Applying PET to ocean model data (ROMS)

dgwyther commented 2 years ago

Hello,

I'm trying to apply your toolbox to some ocean model data. I have looked through the documentation and at some of the recent issues raised (e.g. the POP3 issue), but I don't think my question has been addressed.

I have ocean model data from ROMS (e.g. sea surface height over a year of model integration). The grid is slightly rotated clockwise and has slowly varying horizontal resolution. As a result, the lon and lat coordinates are 2-D. For example, the longitude coordinate (on this Arakawa-C grid) is:

lon_rho (eta_rho, xi_rho)
long_name : longitude of RHO-points
units : degree_east
standard_name : longitude
field : lon_rho, scalar
float64

I have tried to format my data to match the example data and the data in the POP3 issue, however, I'm not sure I can match the data format with 1-dimensional coordinates. Possibly I can't apply the py-eddy-tracker to this model data?

I have dumped the nc-dump of data here:

netcdf test_roms_output_truth_8013 {
dimensions:
    ocean_time = UNLIMITED ; // (0 currently)
    time = 31 ;
    latitude = 317 ;
    longitude = 272 ;
    xi_u = 271 ;
    eta_v = 316 ;
variables:
    float zeta(time, latitude, longitude) ;
        zeta:_FillValue = 1.e+37f ;
        zeta:long_name = "free-surface" ;
        zeta:units = "meter" ;
        zeta:time = "ocean_time" ;
        zeta:grid = "grid" ;
        zeta:location = "face" ;
        zeta:field = "free-surface, scalar, series" ;
        zeta:coordinates = "lon_rho lat_rho ocean_time" ;
    double h(latitude, longitude) ;
        h:_FillValue = NaN ;
        h:long_name = "bathymetry at RHO-points" ;
        h:units = "meter" ;
        h:grid = "grid" ;
        h:location = "face" ;
        h:field = "bath, scalar" ;
        h:coordinates = "lon_rho lat_rho" ;
    double lon_bnds(latitude, xi_u) ;
        lon_bnds:_FillValue = NaN ;
        lon_bnds:long_name = "longitude of U-points" ;
        lon_bnds:units = "degree_east" ;
        lon_bnds:standard_name = "longitude" ;
        lon_bnds:field = "lon_u, scalar" ;
        lon_bnds:comments = "longitude of U-points on arakawa-C grid" ;
    double lat_bnds(eta_v, longitude) ;
        lat_bnds:_FillValue = NaN ;
        lat_bnds:long_name = "latitude of V-points" ;
        lat_bnds:units = "degree_north" ;
        lat_bnds:standard_name = "latitude" ;
        lat_bnds:field = "lat_v, scalar" ;
        lat_bnds:comments = "latitude of V-points on arakawa-C grid" ;
    double long(latitude, longitude) ;
        long:_FillValue = NaN ;
        long:long_name = "longitude of RHO-points" ;
        long:units = "degree_east" ;
        long:standard_name = "longitude" ;
        long:field = "lon_rho, scalar" ;
    double lat(latitude, longitude) ;
        lat:_FillValue = NaN ;
        lat:long_name = "latitude of RHO-points" ;
        lat:units = "degree_north" ;
        lat:standard_name = "latitude" ;
        lat:field = "lat_rho, scalar" ;
    double time(time) ;
        time:_FillValue = NaN ;
        time:long_name = "time since initialization" ;
        time:field = "time, scalar, series" ;
        time:units = "seconds since 1990-01-01" ;
        time:calendar = "proleptic_gregorian" ;

// global attributes:
        :file = "outer_his.nc" ;
        :format = "netCDF-3 64bit offset file" ;
        :Conventions = "CF-1.4, SGRID-0.3" ;
        :type = "ROMS/TOMS history file" ;

        :coordinates = "lon_bnds lat long lat_bnds" ;
}

I've also attached this testing file of ROMS data if it helps to clarify whether PET can be applied to this file.

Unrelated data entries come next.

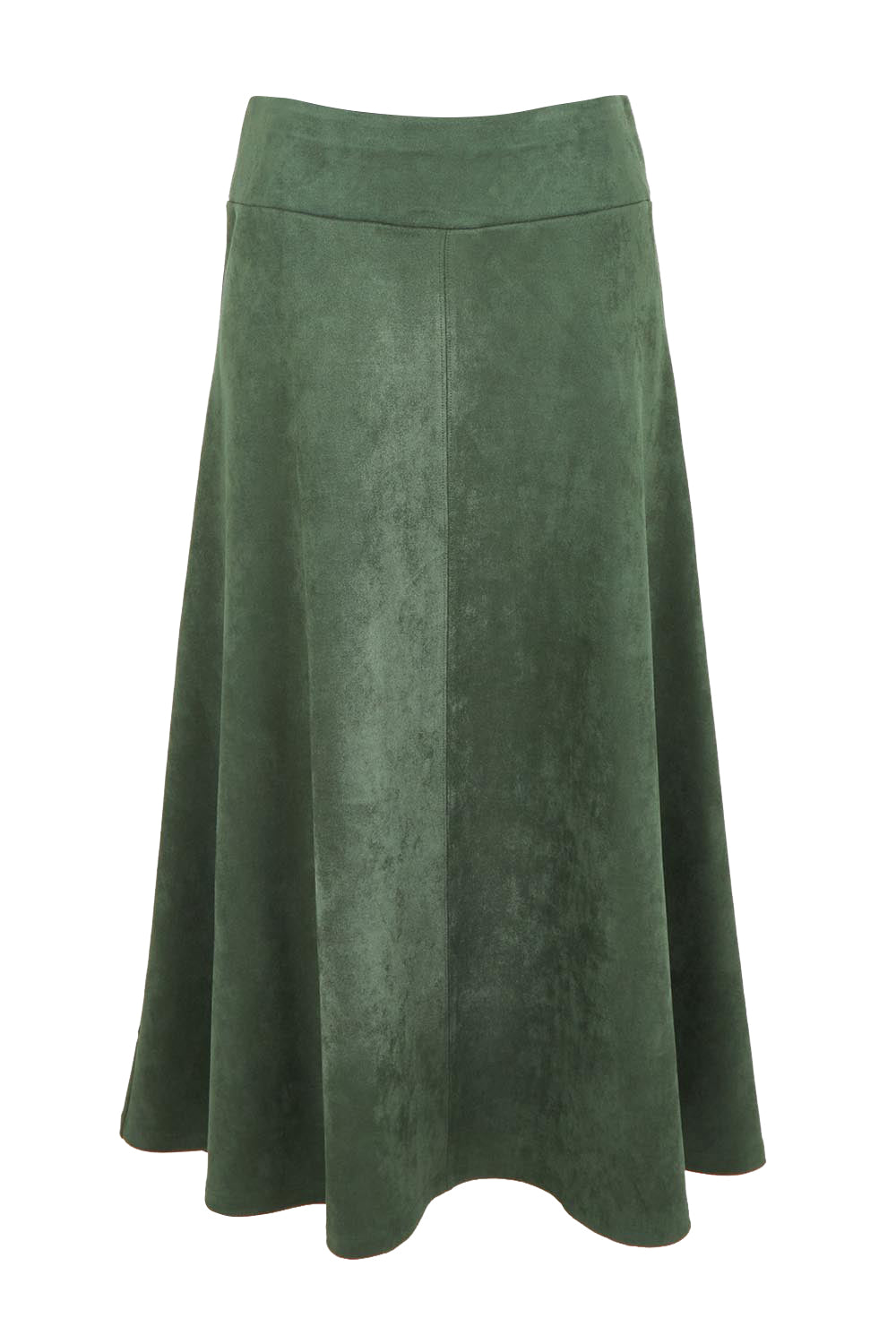 The Luxe Faux Suede Skirt – Pinegreen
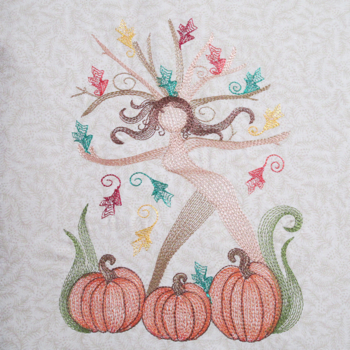 NATURE'S FALL NYMPH 5X7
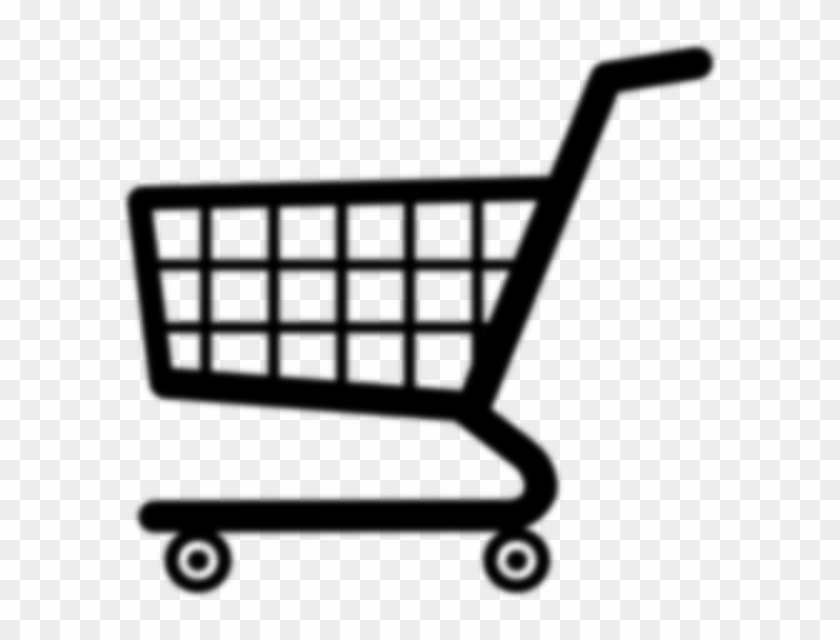 Shopping Cart Icon Blurred Clip Art At Clker - Shopping Cart Icon #418975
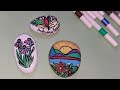 Pebbles stone painting idea beorigami cute art painting asmr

Many thanks in advance, Dave

test_roms_output_truth_8013.nc.zip .

AntSimi commented 2 years ago

Hi, thanks for your interest, Closest issue is #5, but to do eddy detection PET(Py-Eddy-Tracker) need a speed field to select speed contour and to provide speed profile. I want to improve Py-Eddy-Tracker for unregular grid / model (arakawa grid like BCDE). So i am available and interested to help you to use PET toolbox for this type of grid.

dgwyther commented 2 years ago

Hi @AntSimi My apologies for not noticing issue #5 . I should have scrolled back further through the closed issues.

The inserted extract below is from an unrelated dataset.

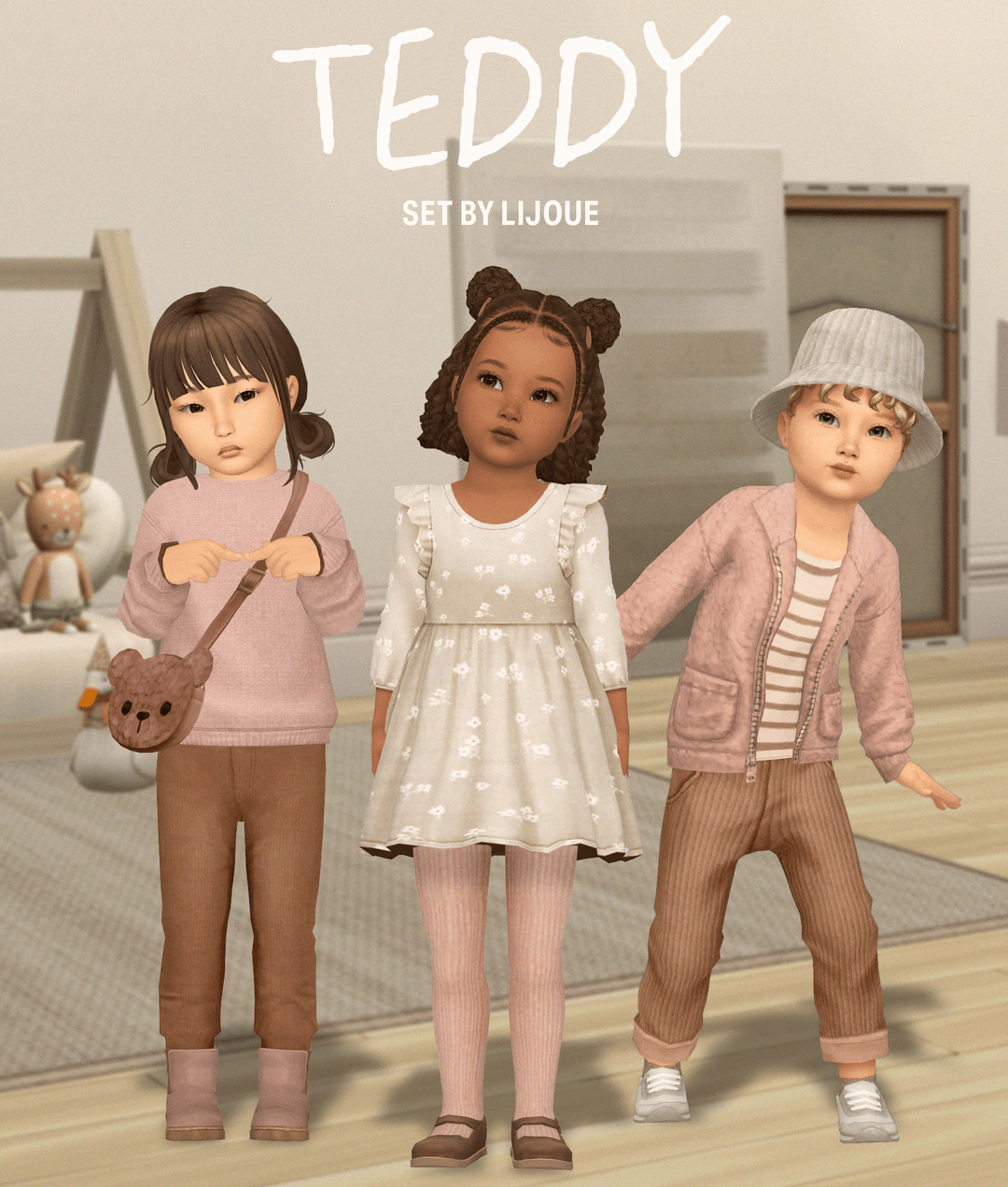Скриншот мода Коллекция одежды Teddy Set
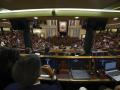 Vista del Congreso desde la última fila durante la moción de censura a Pedro Sánchez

I had added u and v velocities to the test output file. I also changed the attributes (units of velocity to 'meter second^-1'). I included u_eastward_surf and v_northward_surf velocities - that is, velocities at the same points as the sea level values (the rho point of the C grid), and I kept only the surface layer for space requirements.

(I made a few changes to attributes and rename coordinates and variables to get this output file - Mainly changing some of the Arakawa-C grid and ROMS terminology to something that I guess PET recognises. I'm more than happy to share the 'pre-processing' code.)

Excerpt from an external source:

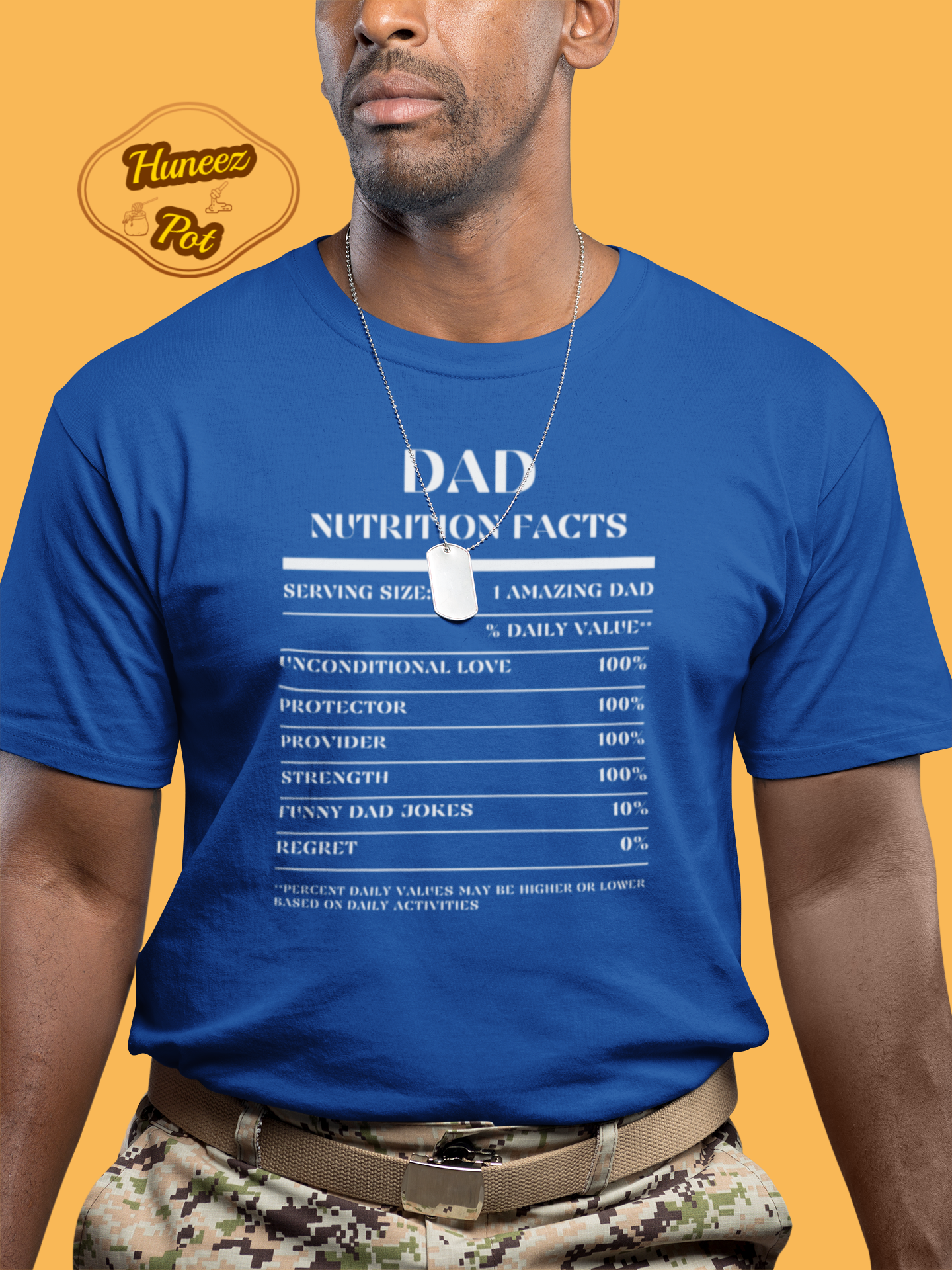Nutrition Facts T-Shirt SS - Dad - White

Very keen to work together to get PET working on some ROMS output!

Cheers Dave test_roms_output_truth_8013.nc.zip .

AntSimi commented 2 years ago

Did you succeed to run eddy detection with your updated NetCDF file? I am interested to read you preprocessing code and also to see raw ROMS netcdf structure, to see how minimize or delete changes to use with PET or create a specific class to use ROMS output. I also want to know, if you agree, if i can use your ROMS file to create an example to give hints on using PET with ROMS in this gallery

dgwyther commented 2 years ago

I have just had a go at trying to load and detect with the updated NetCDF file, with the following code:

g = RegularGridDataset(
    "/Users/dave/Documents/dave/Projects/OSSE-eddies/data/proc/test_roms_output_truth_8013.nc",
    "long",
    "lat",
)

But an error was raised with the following message: Coordinates in RegularGridDataset must be 1D array, or think to use UnRegularGridDataset.

I then tried with UnRegularGridDataset which seemed to work. Contiuing on with trying to replicate the Gulf Stream example, I tried to plot the field:

margin = 30
g = UnRegularGridDataset(
    "/Users/dave/Documents/dave/Projects/OSSE-eddies/data/proc/test_roms_output_truth_8013.nc",
    "long",
    "lat",
)

ax = start_axes("ZETA (m)")
m = g.display(ax, "zeta", vmin=-1, vmax=1, cmap="RdBu_r")

great_current = Contours(g.x_c, g.y_c, g.grid("adt"), levels=(0.35,), keep_unclose=True)
great_current.display(ax, color="k")
update_axes(ax, m)

But received an error that [UnRegularGridDataset' object has no attribute 'display]().

edit: I just read issue #143 . I understand this error. My next comment has progress.

Yes, I'm happy for you to use that ROMS file - although I might just strip some of the extra metadata out of it first ;)

dgwyther commented 2 years ago

I had success this afternoon using the UnRegularGridDataset class but ignoring some of the commands which exist for RegularGridDataset (but not for the irregular version), for example, .display and .add_uv.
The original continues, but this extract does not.